Data -
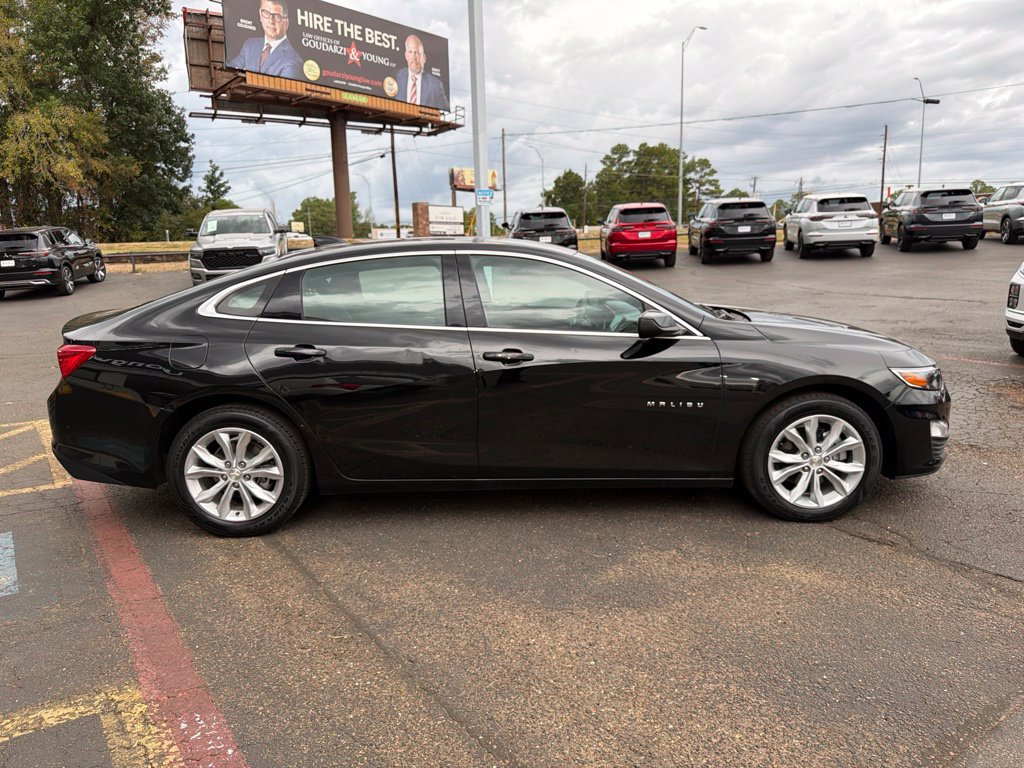 Used 2024 Chevrolet Malibu LT FWD image 5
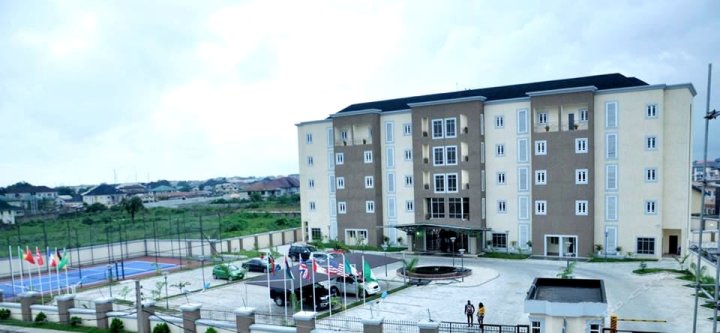 哈科特港德埃奇酒店(De Edge Hotel Port Harcourt)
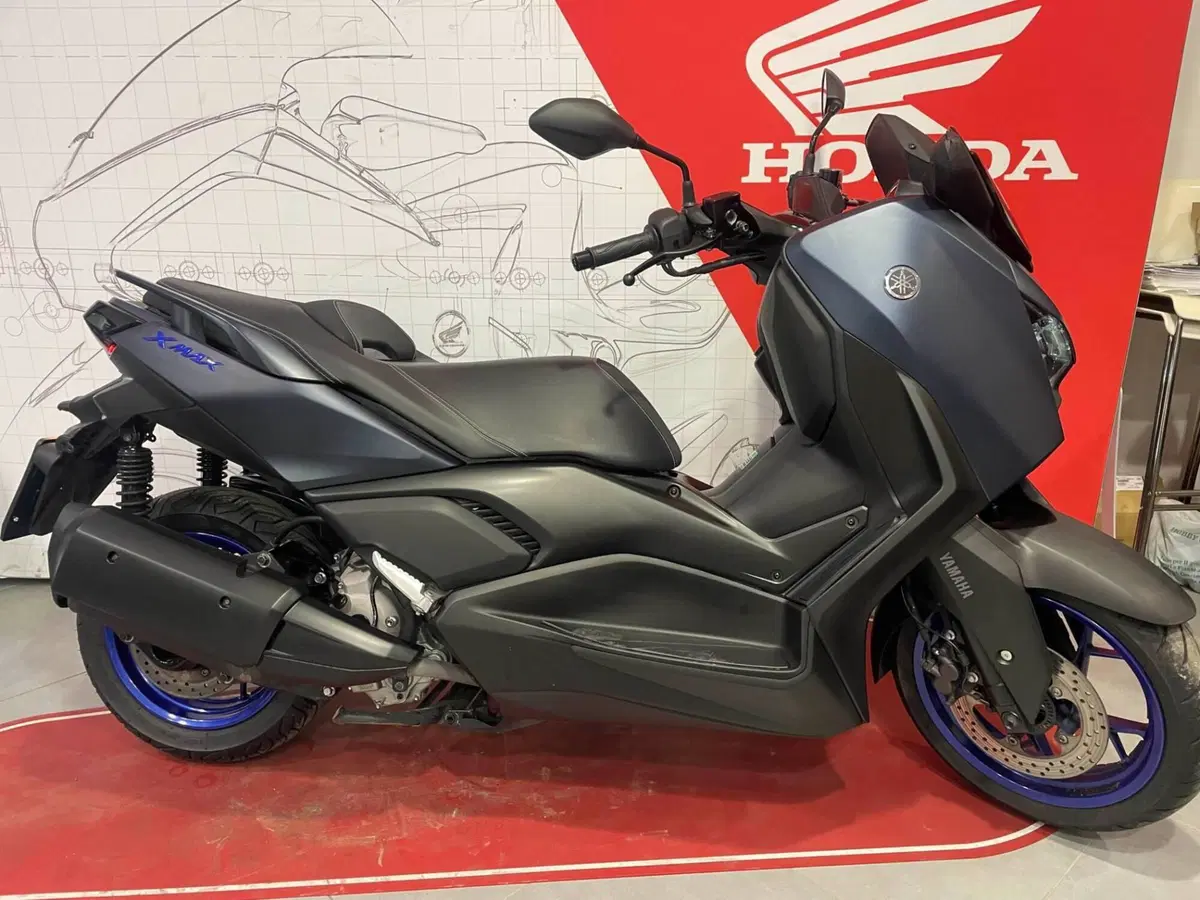 Yamaha X-Max 300 (2021 - 24)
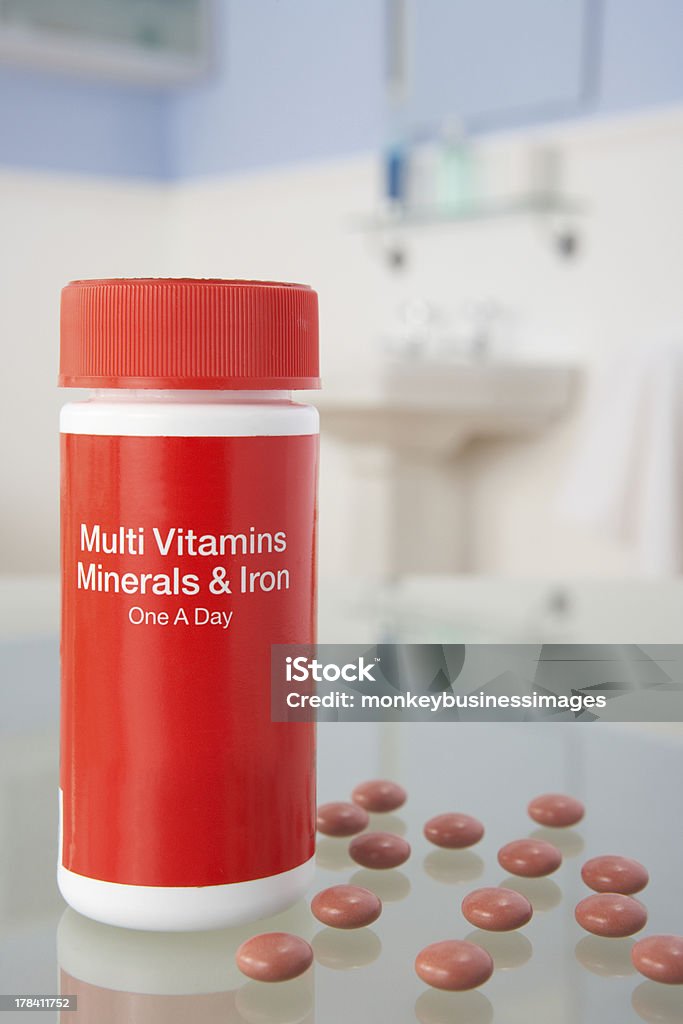 Vitamin-Pillen auf Bad-Regal - Lizenzfrei Anämia Stock-Foto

The task -
From the first line to the last, write out the data above exactly. Omit the pictures.

Answer for the task -
 Used 2024 Chevrolet Malibu LT FWD image 5
 哈科特港德埃奇酒店(De Edge Hotel Port Harcourt)
 Yamaha X-Max 300 (2021 - 24)
 Vitamin-Pillen auf Bad-Regal - Lizenzfrei Anämia Stock-Foto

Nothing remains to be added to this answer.